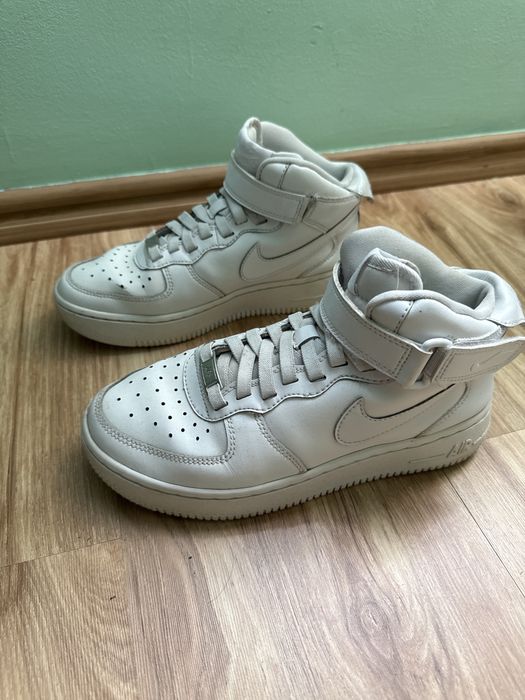 Air force 1 mid albi marimea 37.5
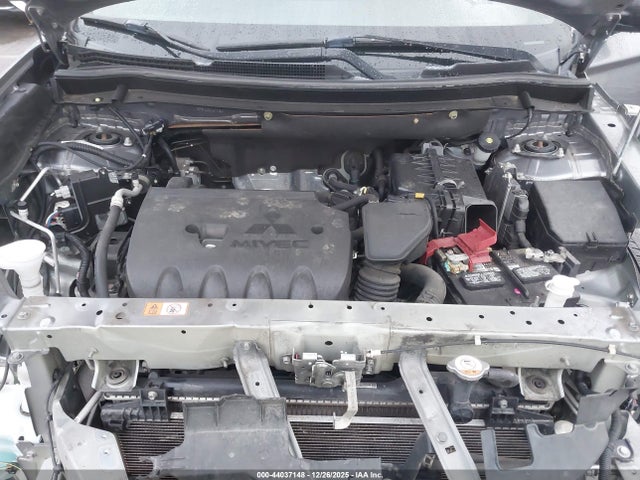 2018 MITSUBISHI OUTLANDER JA4AD3A37JZ060089 Photo 9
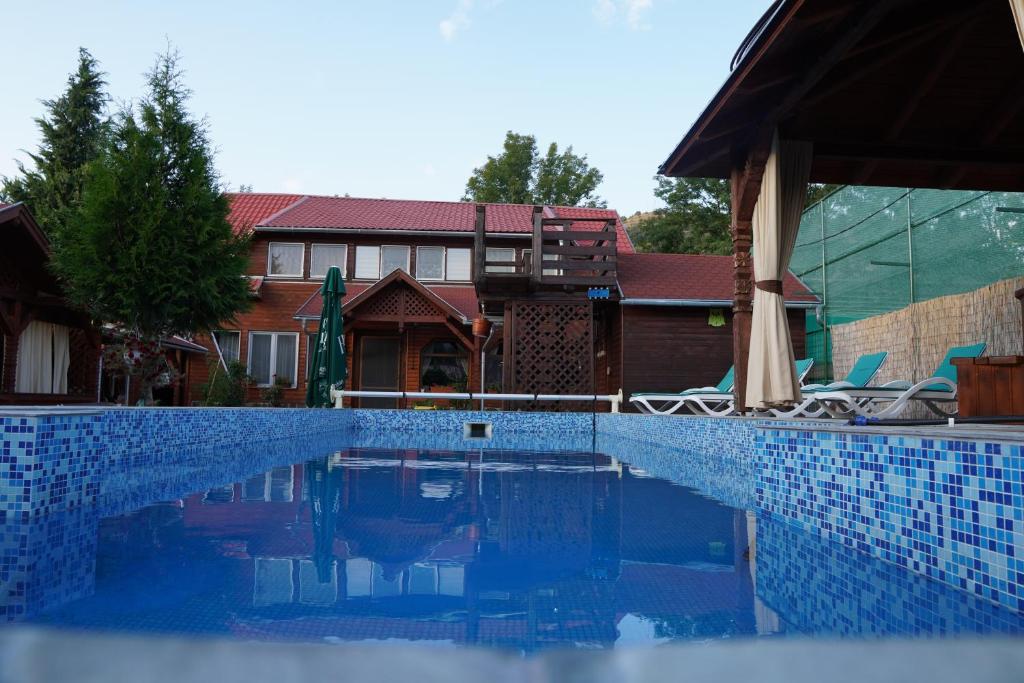 - une piscine en face d'une maison dans l'établissement CASA FEELING, à Brădeşti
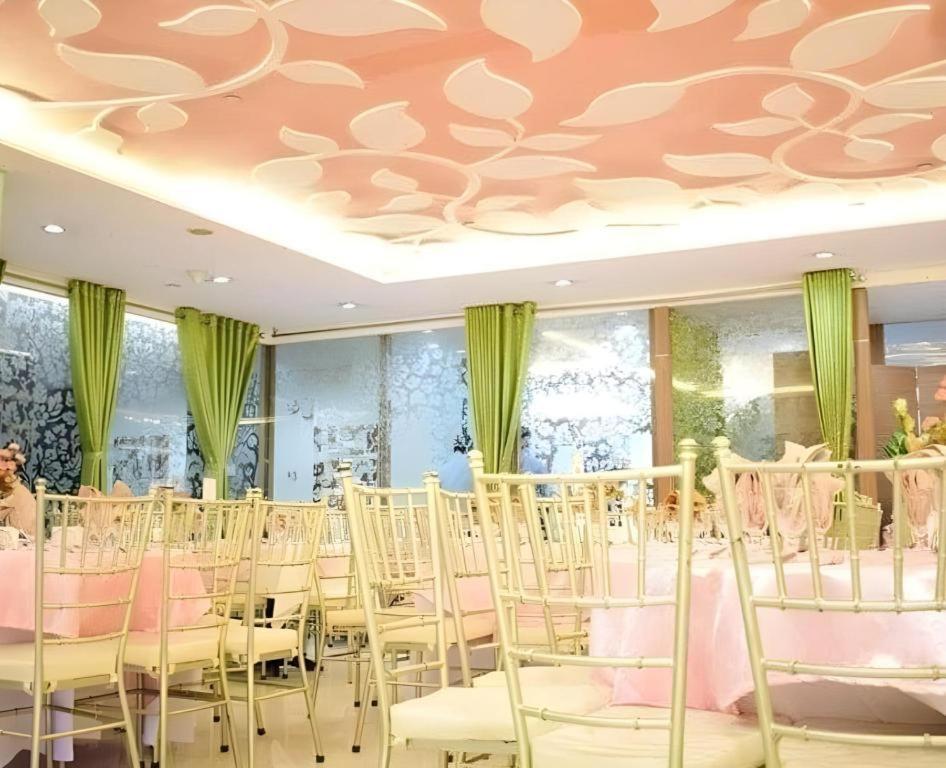Vista Hotel Cubao Quezon City Extérieur photo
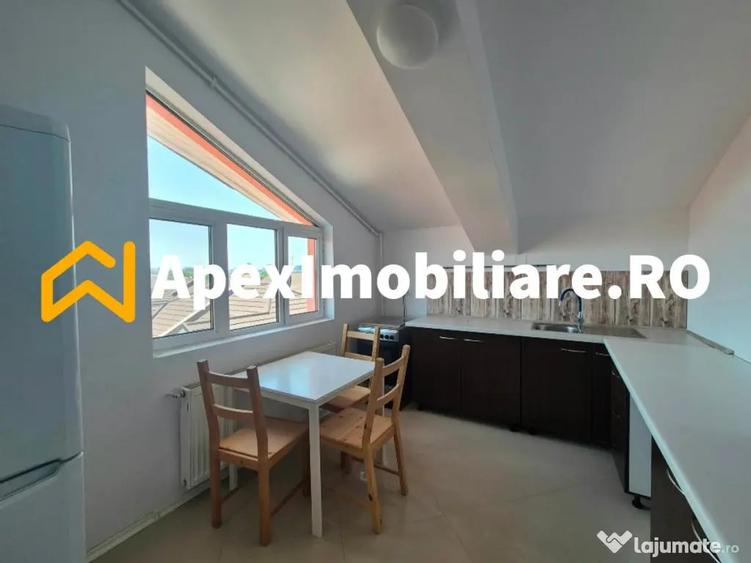 Apartament cu 3 camere semidecomandat în Central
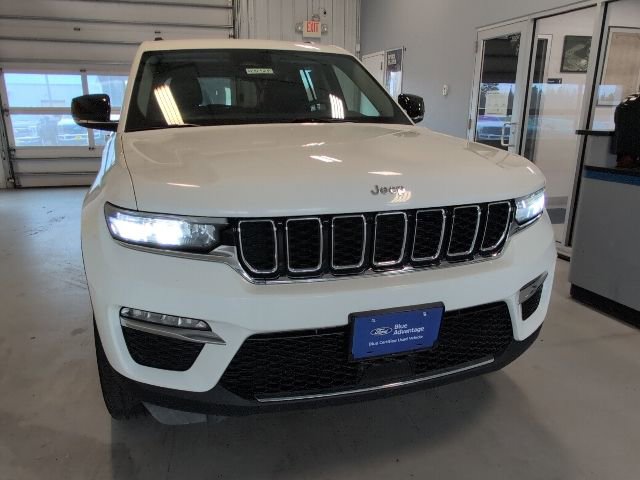Used 2023 Jeep Grand Cherokee Limited AWD/4WD image 41
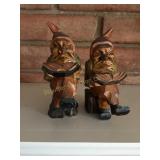 Vtg. Hand carved wooden gnome bookends 5"h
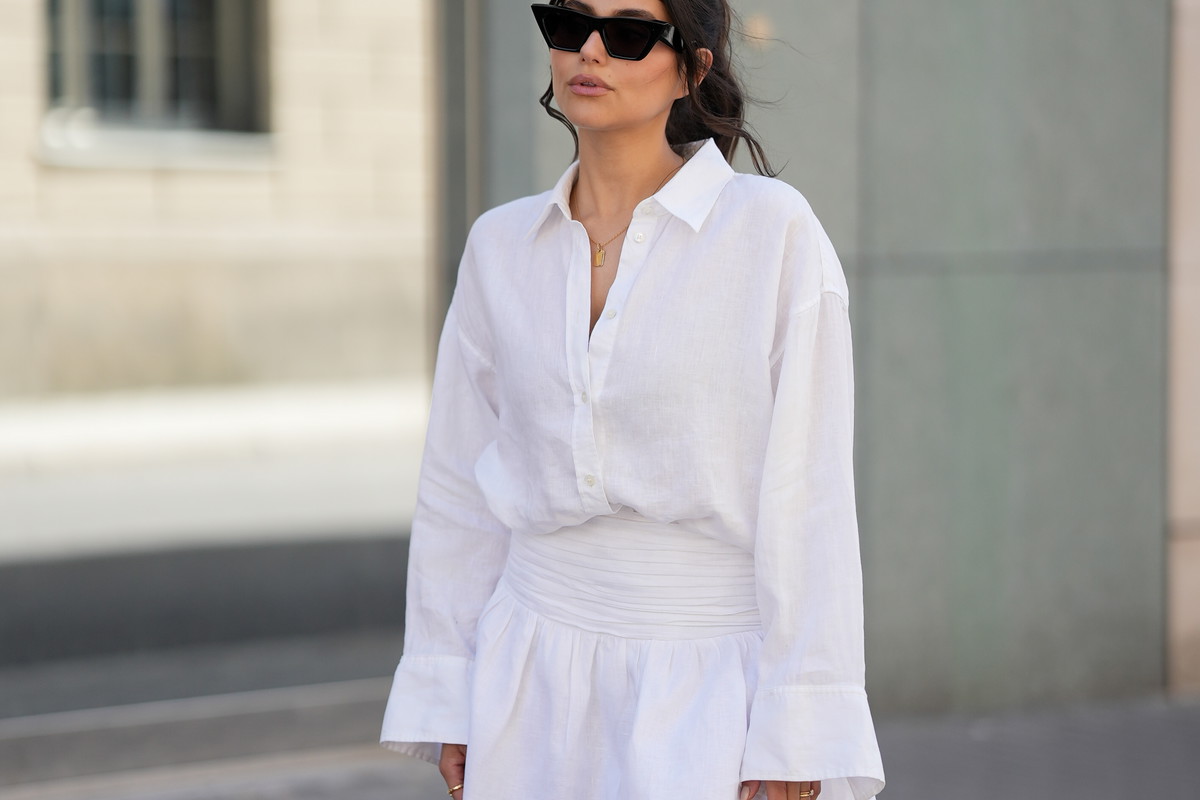 White shirtdress z Reserved to sukienka na całe lato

::::

• WHAT YOU HAVE TO DO: Repeat all of the material above exactly, leaving out pictures.

• WRITTEN SOLUTION:
 Air force 1 mid albi marimea 37.5
 2018 MITSUBISHI OUTLANDER JA4AD3A37JZ060089 Photo 9
 - une piscine en face d'une maison dans l'établissement CASA FEELING, à Brădeşti
Vista Hotel Cubao Quezon City Extérieur photo
 Apartament cu 3 camere semidecomandat în Central
Used 2023 Jeep Grand Cherokee Limited AWD/4WD image 41
 Vtg. Hand carved wooden gnome bookends 5"h
 White shirtdress z Reserved to sukienka na całe lato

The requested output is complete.